RECORDED DATA ->
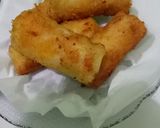 Foto langkah ke 5 dari resep Risoles Sayur Milk Pilow.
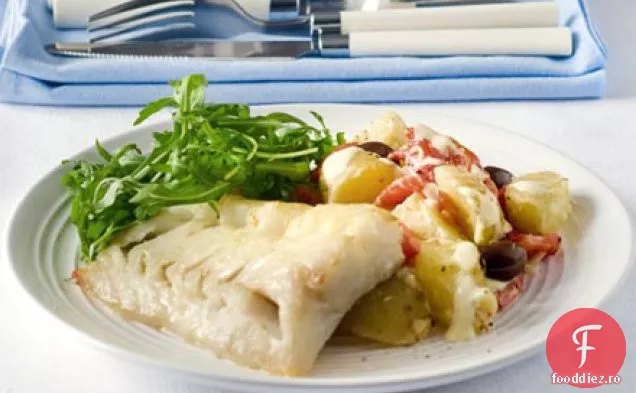 Pește la grătar cu cartofi noi, ardei roșu și salată de măsline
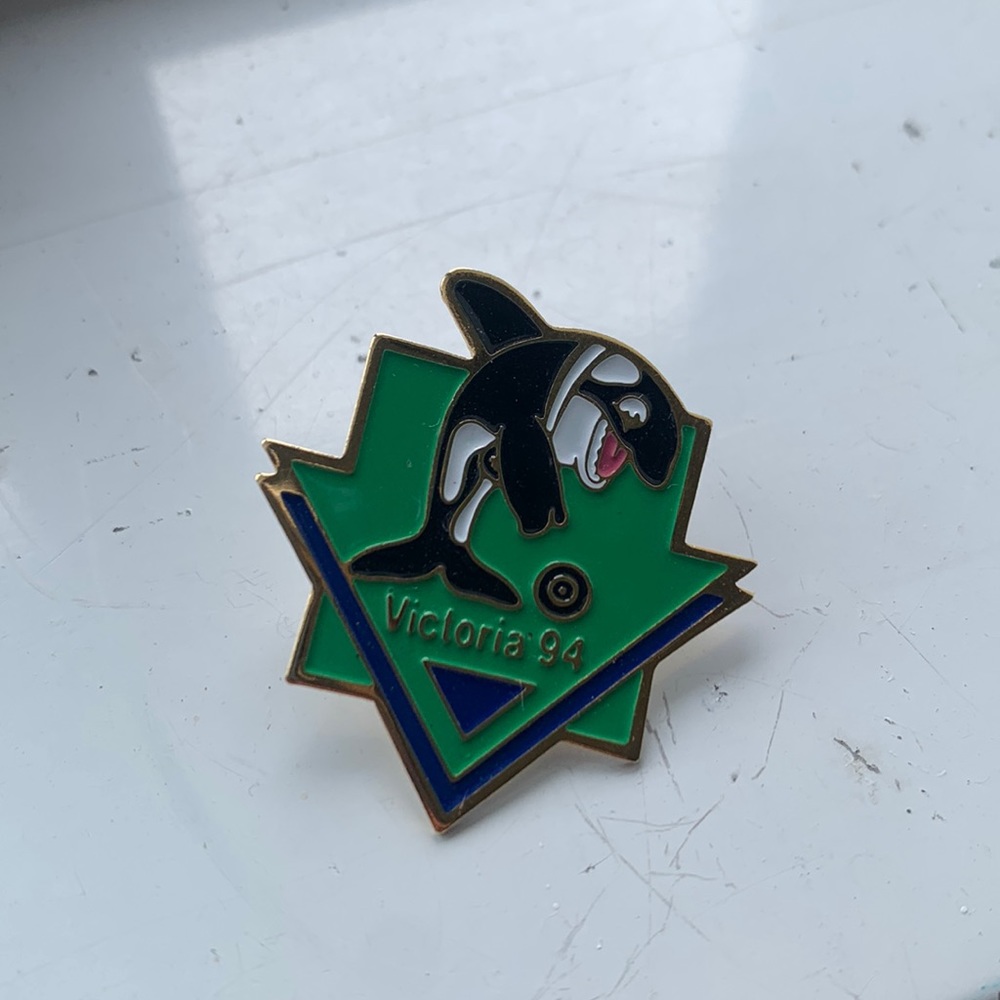 Vintage 1994 90s Victoria British Columbia orca whale enamel pin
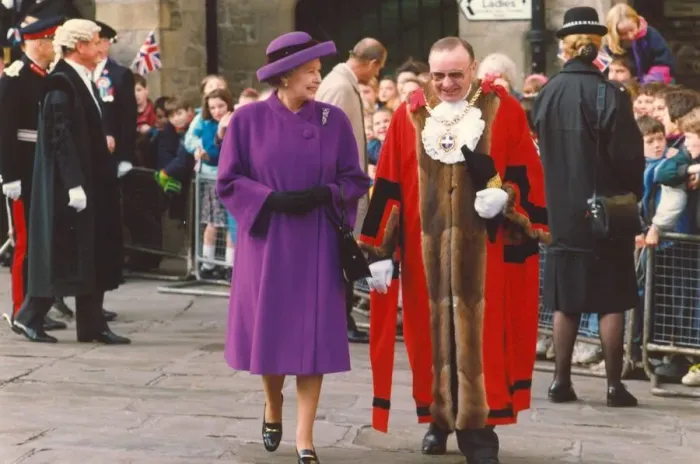 Framed Print : Queen Elizabeth II and Prince Philip visit Durham - The Queen with the Lord Mayor Coun Framed Print : Queen Elizabeth II and Prince Philip visit Durham - The Queen with the Lord Mayor Coun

WHAT IS REQUIRED -> Output the listing exactly. Leave out any image.

SOLUTION TO THE EXERCISE ->
 Foto langkah ke 5 dari resep Risoles Sayur Milk Pilow.
 Pește la grătar cu cartofi noi, ardei roșu și salată de măsline
 Vintage 1994 90s Victoria British Columbia orca whale enamel pin
 Framed Print : Queen Elizabeth II and Prince Philip visit Durham - The Queen with the Lord Mayor Coun Framed Print : Queen Elizabeth II and Prince Philip visit Durham - The Queen with the Lord Mayor Coun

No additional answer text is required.